Ecoa reuniu perguntas comuns sobre o tema e falou com especialistas para explicar quais são as verdades e as lendas sobre a educação sexual nas escolas.
A educação sexual está prevista na lei?
"Sinto que deixamos a educação sexual um pouco de lado, algo que devemos fazer por lei, mas que não é discutido na escola", afirma Jaqueline Gomes de Jesus, psicóloga e professora do IFRJ (Instituto Federal do Rio de Janeiro). "Muitos adultos não falam sobre o assunto por vergonha, porque se formaram em uma cultura que vê o sexo como algo feio, que só descobrem a partir das primeiras relações sexuais".
"Penso que tivemos uma regressão grande nos últimos anos, desde a Lei de Diretrizes e Bases [de 1996], quando se compreendia a educação como fundamental, que precisamos educar crianças e adolescentes para que entendam seu corpo e sua sexualidade.
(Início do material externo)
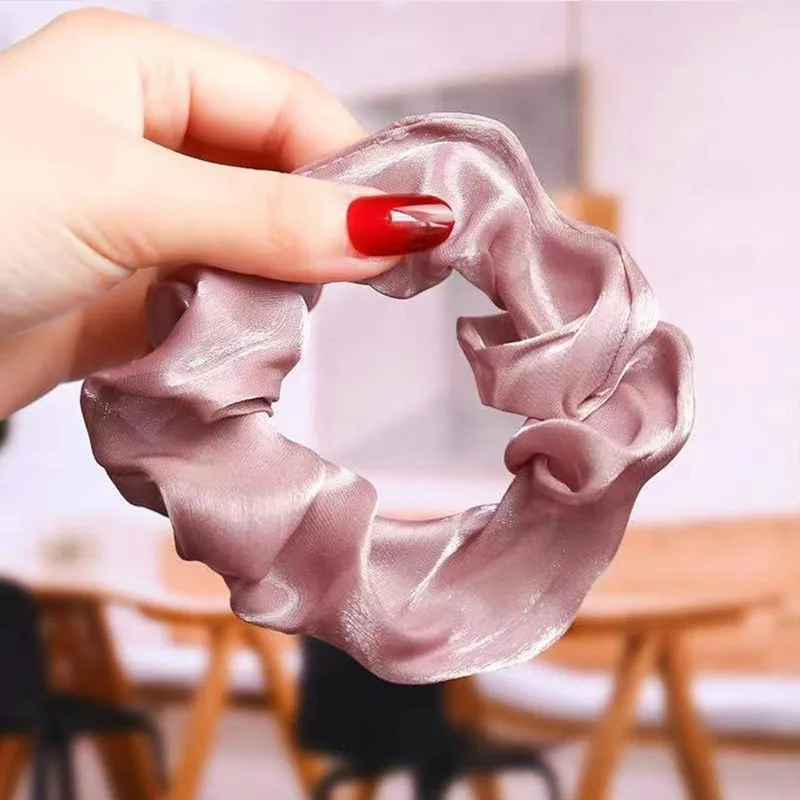 

New Macaron Scrunchie Hair women Elastic Rubber Bands For Girls Ponytail Hair Ties Ribbon for Hair Decor Hair Accessories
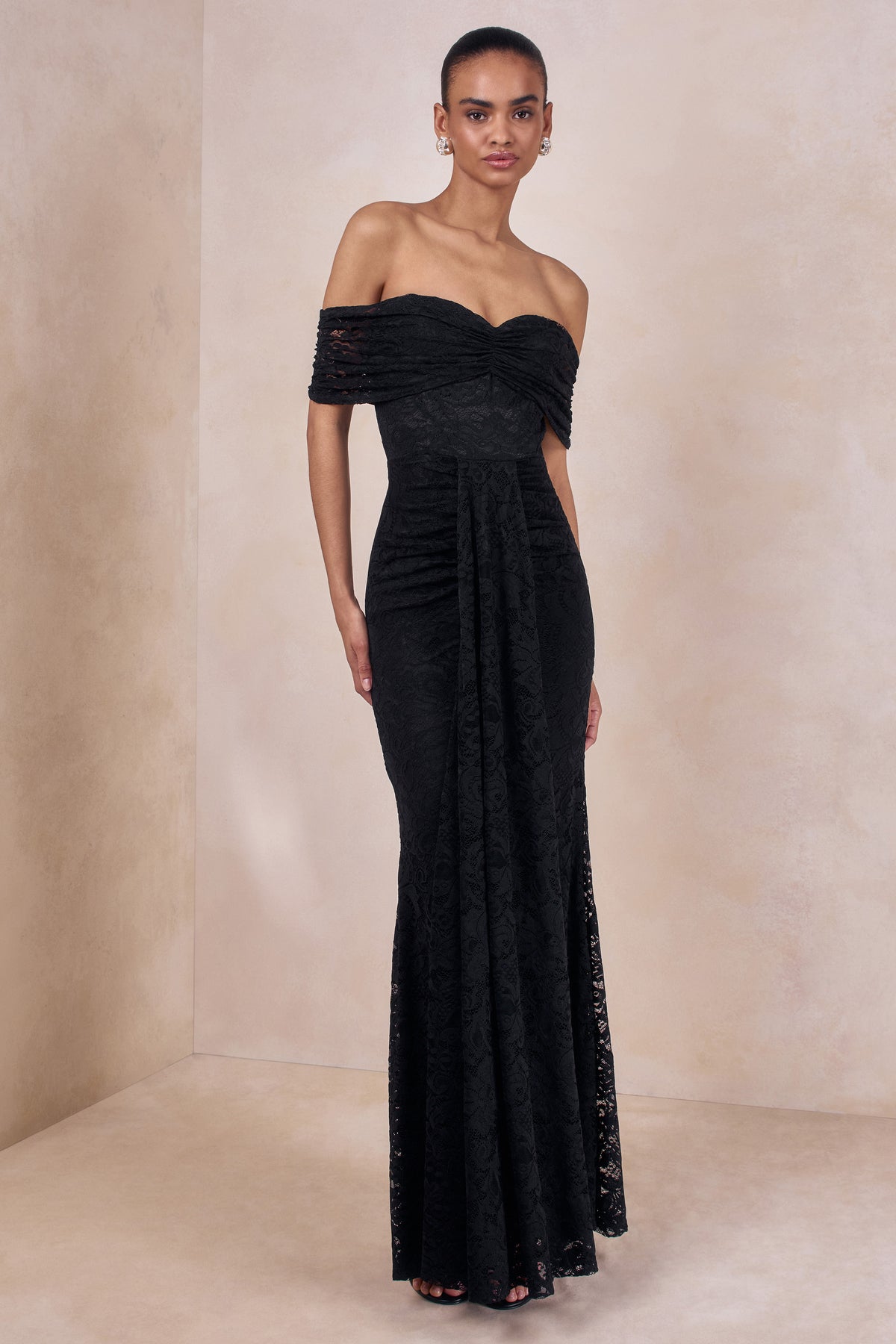 Aries | Black Lace Bardot-Neck Maxi Dress With Gathered Detailing - UK 12 Black Aries | Black Lace Bardot-Neck Maxi Dress With Gathered Detailing - UK 12 Black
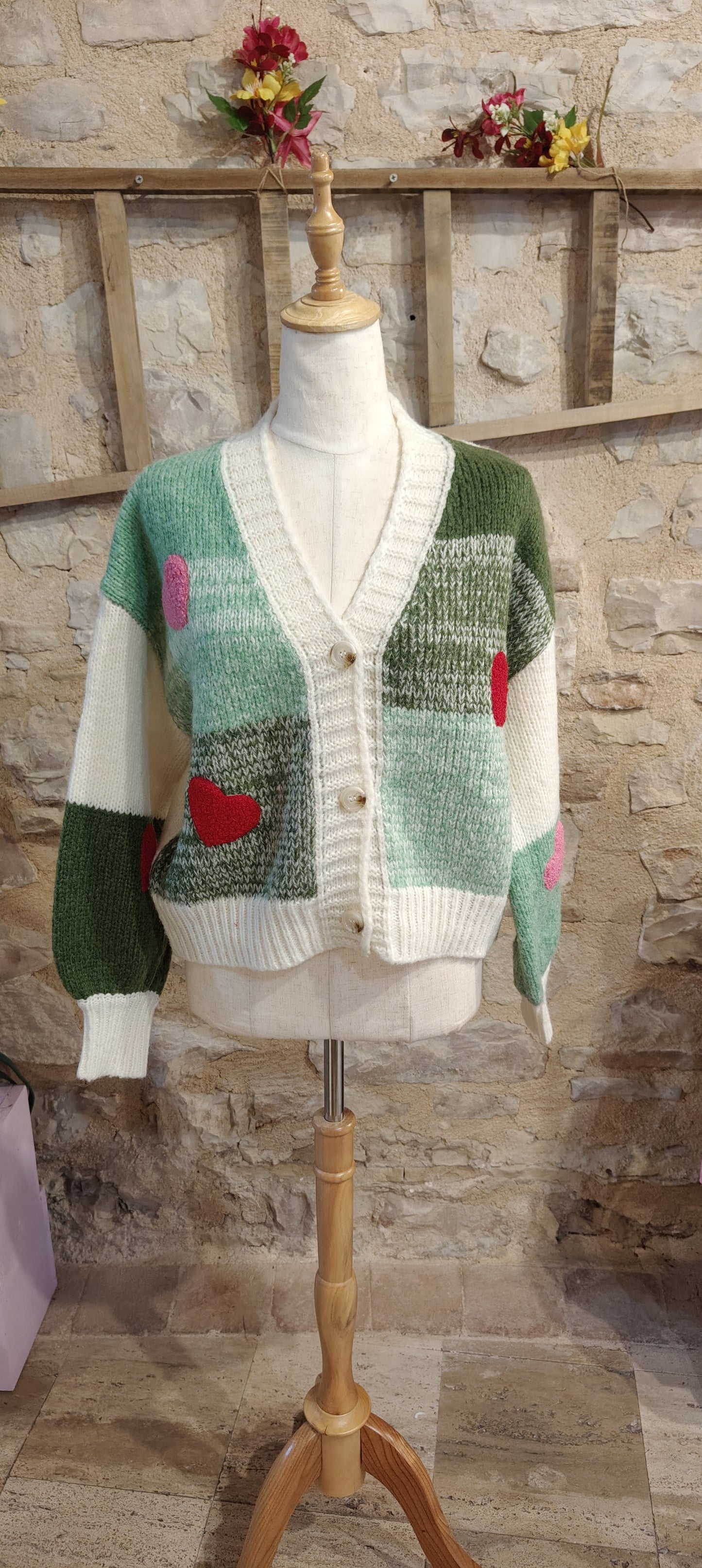 Cardigan cuoricini verde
Precisamos tratar desses temas, mas infelizmente ainda existe resistência dos próprios professores", diz a pesquisadora e historiadora Vanessa Cavalcanti, coordenadora do Núcleo de Estudos sobre Educação e Direitos Humanos da Universidade Católica de Salvador.
Educação sexual aumenta a atividade sexual na adolescência?
Em um parecer publicado em junho deste ano, a Comissão Nacional Especializada de Sexologia da Febrasgo (Federação Brasileira das Associações de Ginecologia e Obstetrícia) e da SBRASH (Associação Brasileira de Estudos em Sexualidade Humana) defendeu a educação sexual nas escolas como um processo que visa propiciar "conhecimentos, habilidades e valores que capacitem os jovens a fazer escolhas conscientes e responsáveis sobre suas vivências sexuais".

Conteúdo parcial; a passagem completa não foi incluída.